Activity »
The output must contain exactly the lines from the top of the listing below through the line containing "Buy Wholesale China", and no pictures.

Recorded data »
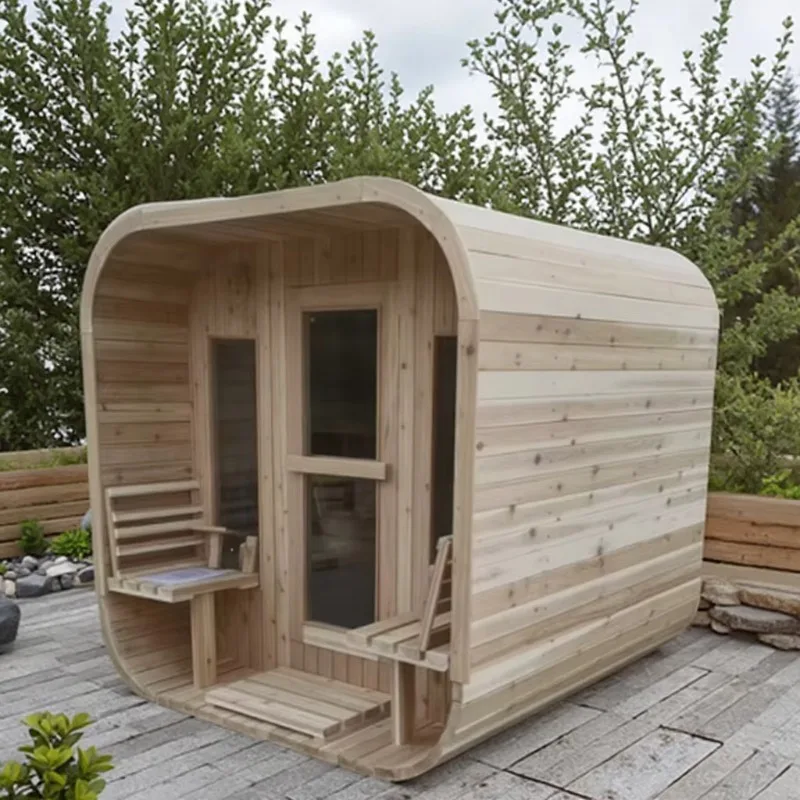 Classic Fashion Infrared Sauna Cabin, Cedar Wooden Sauna for 3-4 Persons Indoor & Outdoor Plaza Application
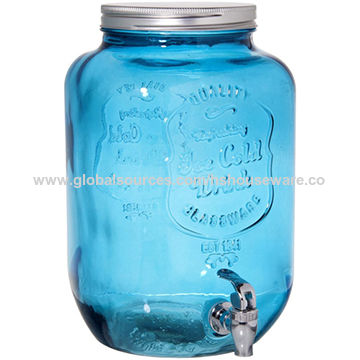 Buy Wholesale China 2 Gallon Glass Mason Jar Drink Beverage Dispenser Ice  Cold Drink Blue With Easy Flow Spigot & Dispensers,color Dispenser,dispenser  With Spigot at USD 2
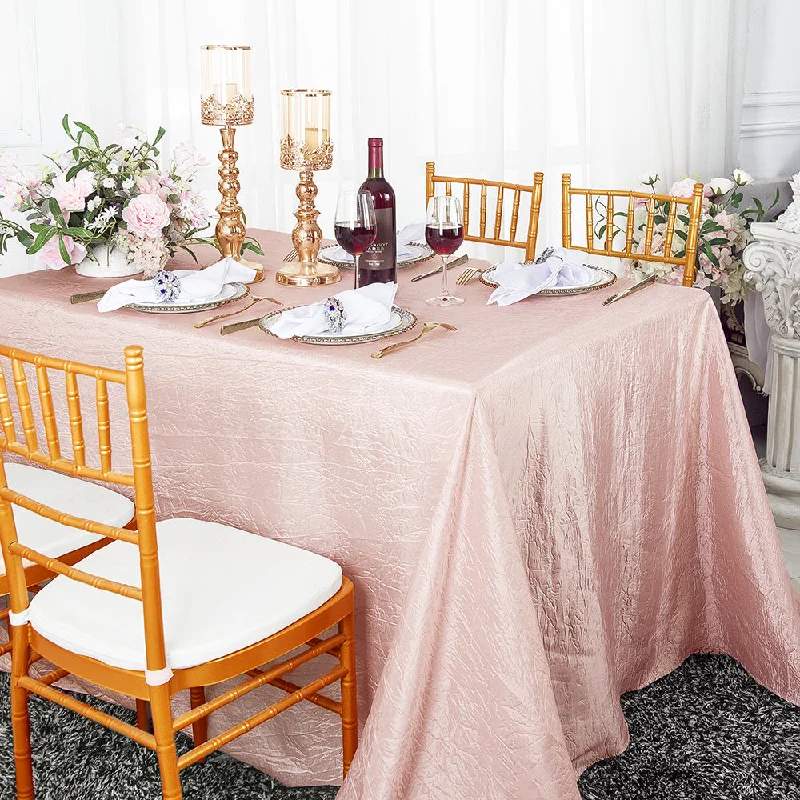 90"x132" Seamless Rectangular Crushed Taffeta Tablecloth - Blush Pink/Rose Gold (1pc)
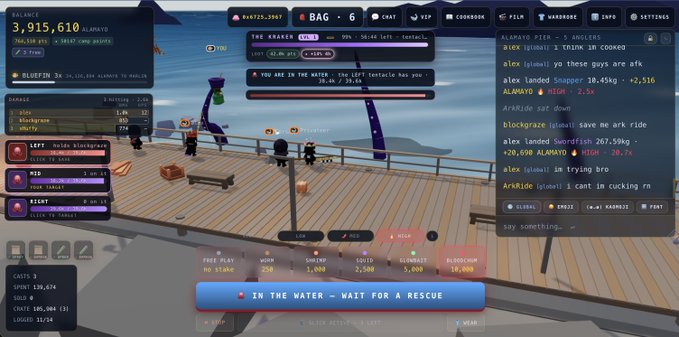 A player stands on a wooden dock in a pirate game with their score at 3,915,610 coins, waiting for rescue after falling into the water as shown by the "IN THE WATER - WAIT FOR A RESCUE" banner, while the chat reveals the cause of their downfall: "ARKRIDE captain: yo these guys are atk" and an alert that the Kraken was defeated for 2,516 damage, explaining their "kraken got me RIP" post.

Exercise solution »
 Classic Fashion Infrared Sauna Cabin, Cedar Wooden Sauna for 3-4 Persons Indoor & Outdoor Plaza Application
 Buy Wholesale China 2 Gallon Glass Mason Jar Drink Beverage Dispenser Ice  Cold Drink Blue With Easy Flow Spigot & Dispensers,color Dispenser,dispenser  With Spigot at USD 2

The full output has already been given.